Research published by UK placement agency Almeida Capital shows that three quarters of all LPs surveyed (250) are looking to make purchases on the secondary market in the next year, with 55% having already done so.
This interest has been sustained by the belief that distressed sellers are set to swamp the market with cheap assets, which has tempted experienced primary investors into the secondaries arena, indicating that sellers now have a much wider pool of buyers to exploit.
The problem is that vendors and buyers are still some distance from seeing eye to eye on price. “Many of the buyers that have entered the market over the last year are bargain-basement hunters who are offering prices that are far too low for sellers to accept,” says the report.
There also appears to be a misunderstading on the part of buyers as to why sellers sell. “The short or medium term need for cash is a motive for 26% of sellers today compared to 23% of sellers two years ago. It thus appears that distressed sellers have already exited the market while current prospective sellers are not yet distressed enough to offload assets at current average prices.”

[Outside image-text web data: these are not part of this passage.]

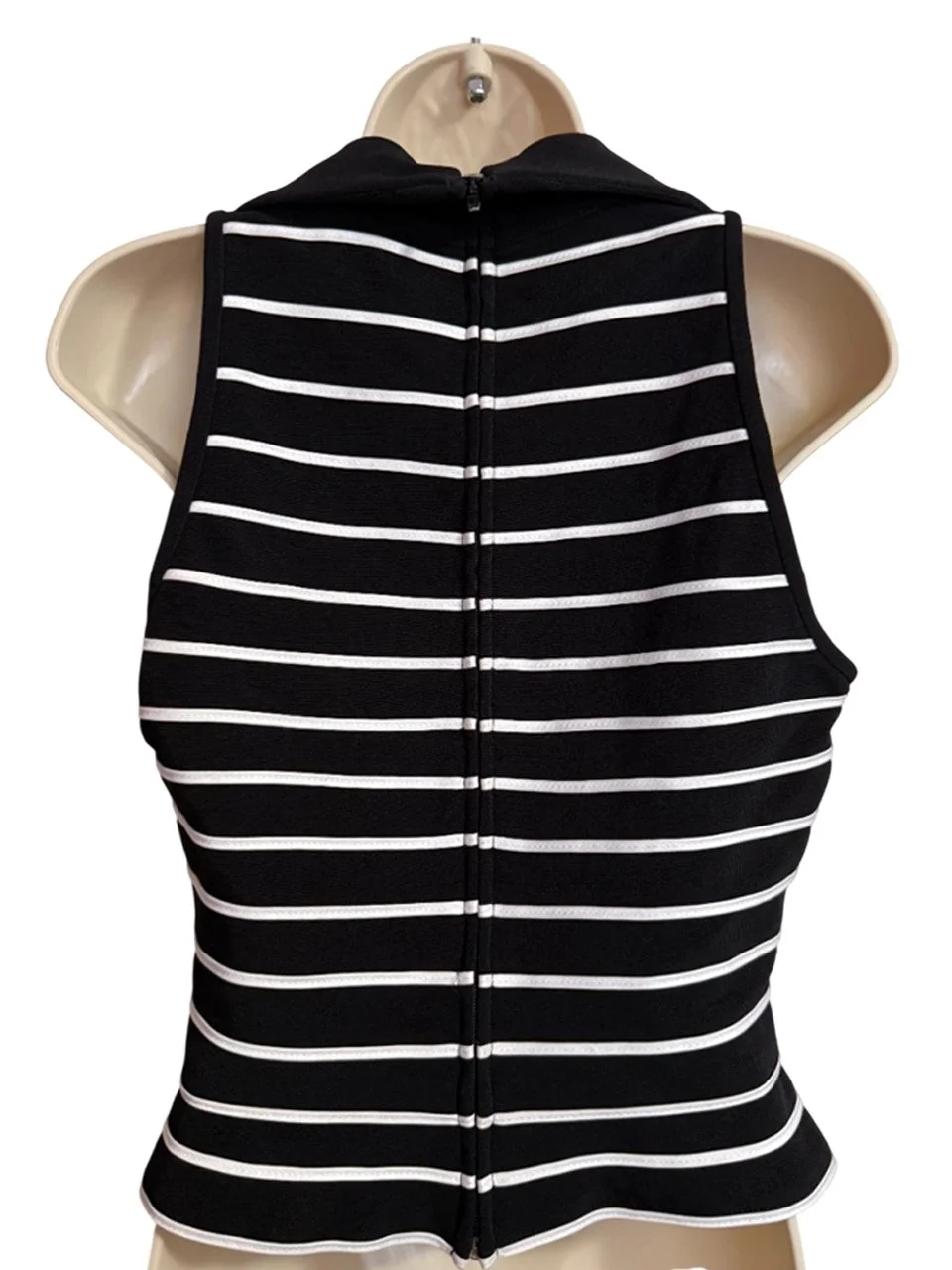 25mt3-tadashi-stripe-black-white-top-back.jpg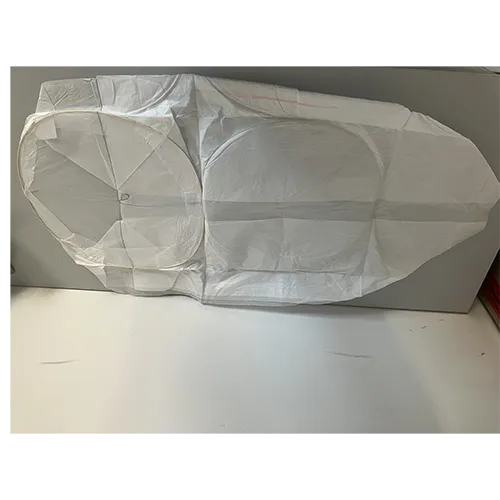 Lanternă albă. Combustibilul pentru flacăra care &icirc;ncălzește aerul poate fi solid, lichid sau gazos. Dimensiuni: 60 &times; 37 &times; 37 cm. Produs v&acirc;ndut online, &icirc;n special prin intermediul kaufland.de și manomano.de.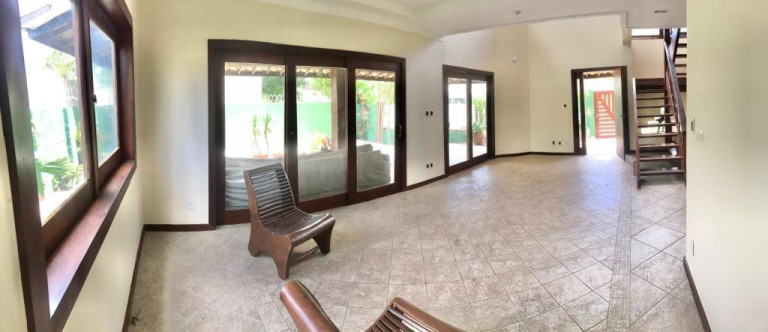 Imagem Casa com 4 Quartos à Venda, 320 m² em Lauro De Freitas - Lauro De Freitas Imagem Casa com 4 Quartos à Venda, 320 m² em Lauro De Freitas - Lauro De Freitas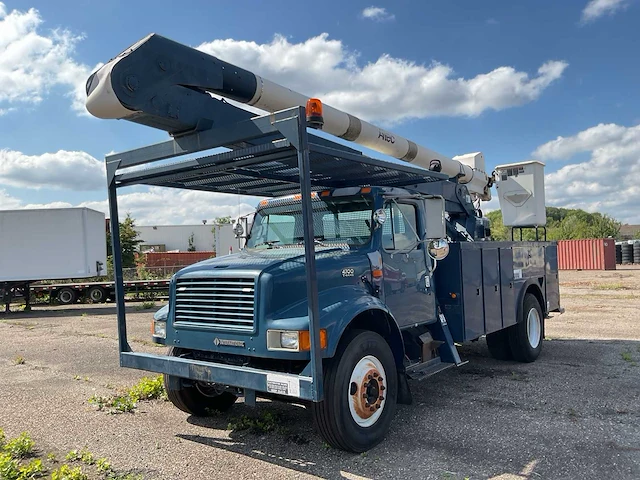 2000 navistar 4700 hoogwerker - afbeelding 1 van  13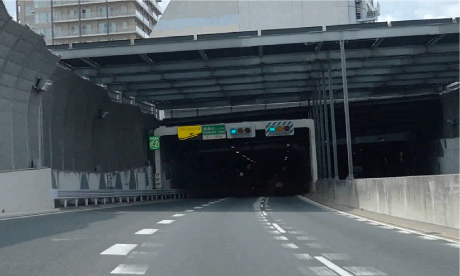 （2）トンネル入口での事故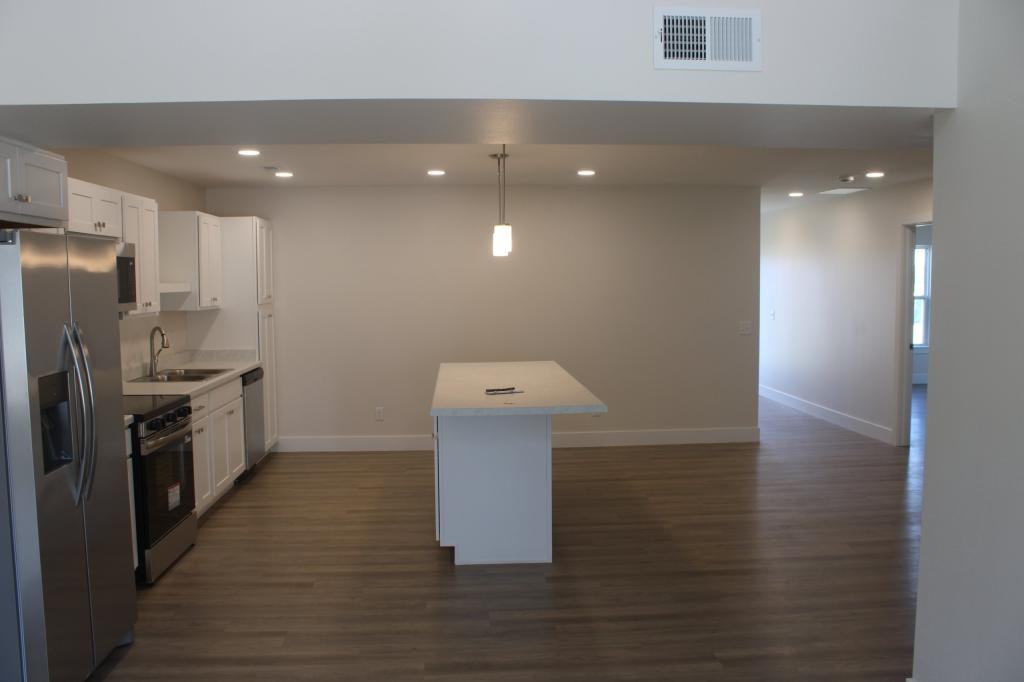 1103 Emerald Cv - Photo 2 of 8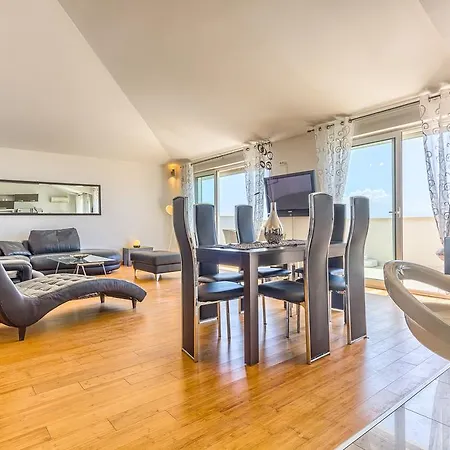 Luxury Penthouse Kate شقة *
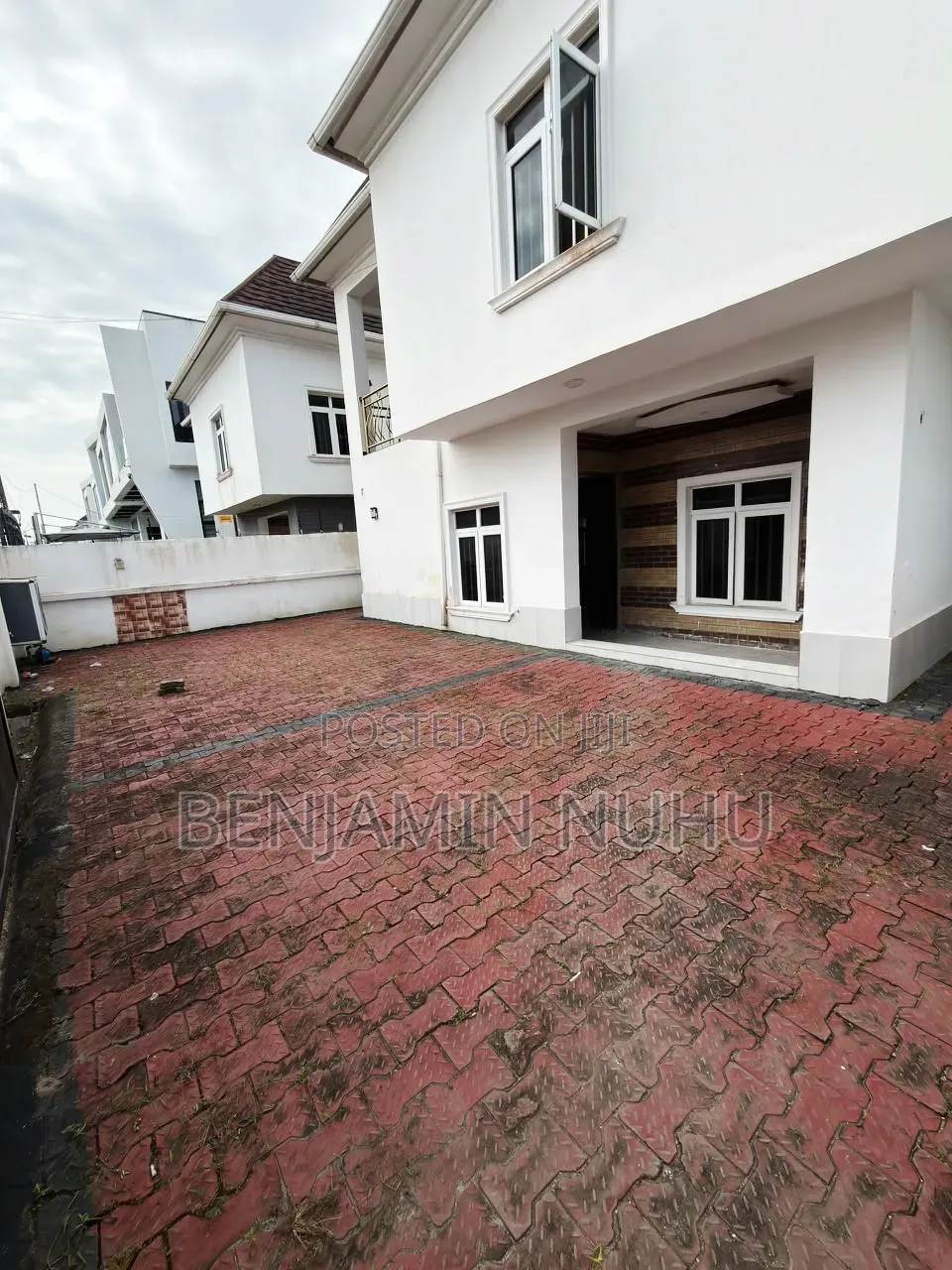 4bdrm Duplex in In A Secure Estate, Off Lekki-Epe Expressway for rent in Off Lekki-Epe Expressway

However, sellers themselves may also be labouring under a misconception. Buyers are far from united in the prices they are willing to pay for secondary assets. According to Almeida, pricing spreads for funds raised in 2005 to 2007 vary from a premium of 10% to discounts of more than 70%.
The results also show that investors believe the best time to buy is fast approaching – Q4 this year – with the best time to sell coming in Q2 2010.